The plan was for beachwalks, bushwalks (Australian for treks or hikes), wineries, cheeseries, patisseries, and all and sundry epicurean providores in and around the town of Red Hill about an hour or so south of Melbourne.
We rented a little cottage, sweetly dubbed "King Louis's Cubby" in reference to the plethora of King Louis and Rosella parrots that arrive regularly during the day on the cottage's landing strip to feed off sunflower seeds and jasmine flowers. Our Cubby was set deeply in thick gum forests and surrounded by a large and wildly fragrant herb garden which J and Murphy thoroughly explored and fossicked (Australian for foraged).
Upon our arrival, we headed straight to Tuck's Ridge Winery for a gorgeous al-fresco lunch, glass of their own Chardonnay and beautiful views overlooking the vineyards. We followed this up with a Brownie the size of Tasmania from the iconic Merrick's General Store and a walk on Point Leo beach.
I think all of us, including Murphy, dip into some magically peaceful part of ourselves when we discover these beautiful, deserted Australian beaches. We have almost an unspoken, collective pact to search them out, discover their secrets, and let their magic go to work on us.
The following day, we spent FIVE hours, yes, FIVE hours at an amazing place called the Ashcombe Maze and Lavender Gardens. Here we embarked on a Gnome and Fairy Hunt (9 hidden gnomes, and 8 hidden fairies), through stunning gardens, winding mazes, and little bits of Australian wilderness. J was completely enchanted and even hard-to-impress C2 was seduced by the beauty of these natural gardens.
Naturally, we followed up this very busy day with a glass of wine at a winery just up the road from the Cubby. This time it was the Vines of Red Hill winery and an excellent glass of Pinot Noir overlooking the vineyards and bordering red gums.
That night, we walked from the Cubby down our red dirt road through the Eucalyptus forest to The Long Table restaurant, a '1-Chef Hat' (think Australian Michelin stars) for a meal so wonderful in an ambiance so beautiful that we went back the following night and would have again had we stayed another night.
Day three took us to the tiny coastal town of Flinders and another beach walk on quiet Flinders Beach followed by a lovely lunch and a visit to the Mornington Chocolaterie.
We spent the afternoon on an amazing walk down the cliffs from the Cape Schank lighthouse.
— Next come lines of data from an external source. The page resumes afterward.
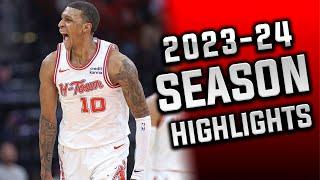 Jabari Smith 2023-24 FULL Season Highlights  Houston Rockets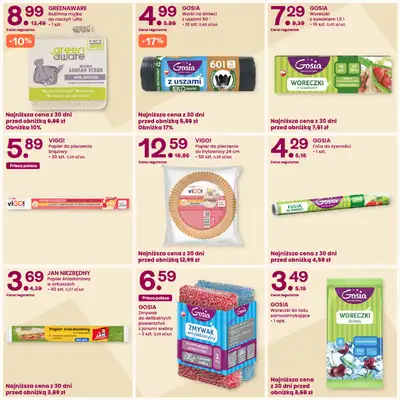 Frisco - gazetka promocyjna Gazetka od wtorku 07.04 do niedzieli 19.04 - strona 28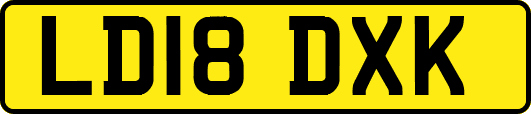 LD18DXK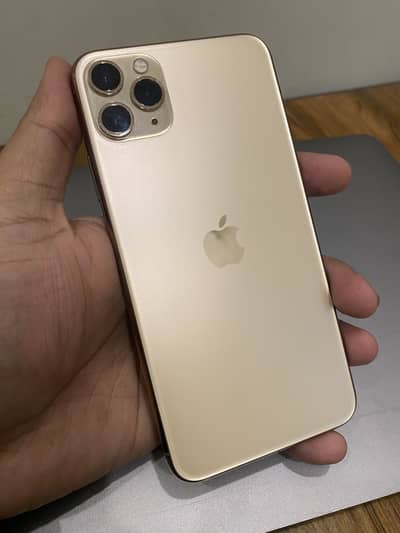 11 ProMax- 256 - 84%  - BatteryChanged - PTA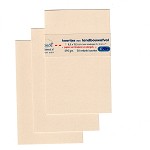 kaartje
8,5 x 13,5 cm
landbouwafval papier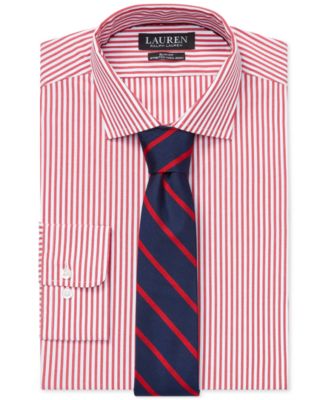 macy's ralph lauren men's dress shirts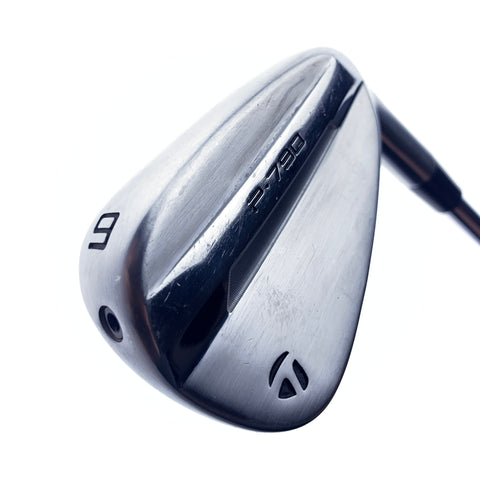Used TaylorMade P790 2025 9 Iron / 39.0 Degrees / Regular Flex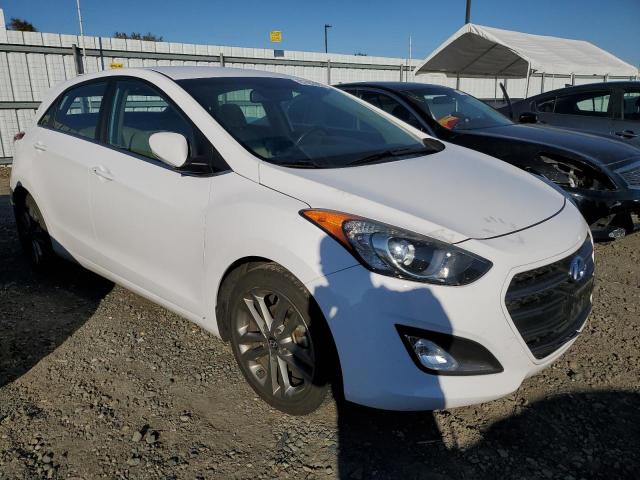 Photo 3 VIN: KMHD35LH1GU264916 - HYUNDAI ELANTRA GT 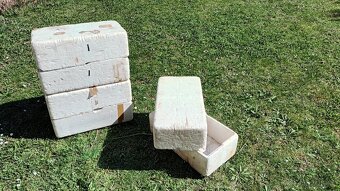 Polystyrenový termobox - 6 ks - 7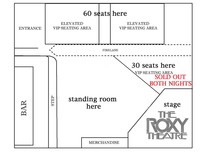 Roxy Fox sex cal con subs roxyfloorplan lucy concert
The lighthouse is on the scrubby southernmost tip of the peninsula and separates the wild seas of the Bass Straight from calmer Western Port Bay overlooking Phillip Island. We bore witness to some truly amazing scenery and again found that spiritual, calm place these Australian seas seem to give us.
A quick stop at the T-Gallant winery in Main Ridge for a glass of Pinot Grigio before we had another memorable meal at The Long Table. We followed dinner with glasses of champagne, games played with large tic-tac-toes, and dominos by candlelight in the restaurant's front room. J won all the games...he might have cheated.
Our final day dawned cool and cloudy. Our original plan was to head into Mornington National Park and a 6km bushwalk. Upon arrival at the trailhead, however, Park rangers were present and dogs not welcome, so we turned around and undecided, headed back in the direction of Flinders. C2 spotted a tiny carpark off the road a few kilometers outside of the National Park and pulled in. What followed was the crowning glory of our time on the Peninsula, and one of life's memorable moments. A short bushwalk led to a walking track (Australian for trail) down to a wildly beautiful, utterly desolate beach littered with sand dunes, 50-million year old lava rock, a waterfall, and the sea which offered monster barrel waves that exploded onto rocks explaining the lack of surfers or swimmers.
|Where else but Australia do you encounter this fella on your bushwalks?|
We spent a couple of hours alone, together. C2 experimented with his amazing photography, J slid down sand dunes and clambered over lava. Murphy swam in the shallow water near the beach chasing sticks, and I watched everyone's backs for rogue waves.
We climbed back to the walking track up the side of the waterfall. Murphy drank fresh water from it, and provided our comical moment of the trip by confidently stepping into what she thought was a few inches of shallow water and what was actually about a meter. She sank like a rock, emerged covered in moss, ego damaged, and further humilated by our howls of laughter. Still how many 13-year old Labs can still climb up a waterfall?
|Murphy's epic "swim" and pride damage, J and I were howling with laughter|
|Pride restored if a bit muddy|
We ended our lovely little holiday with woodfired pizza at the T'Gallant winery sitting in their herb garden, the scents of rosemary and sage wafting by.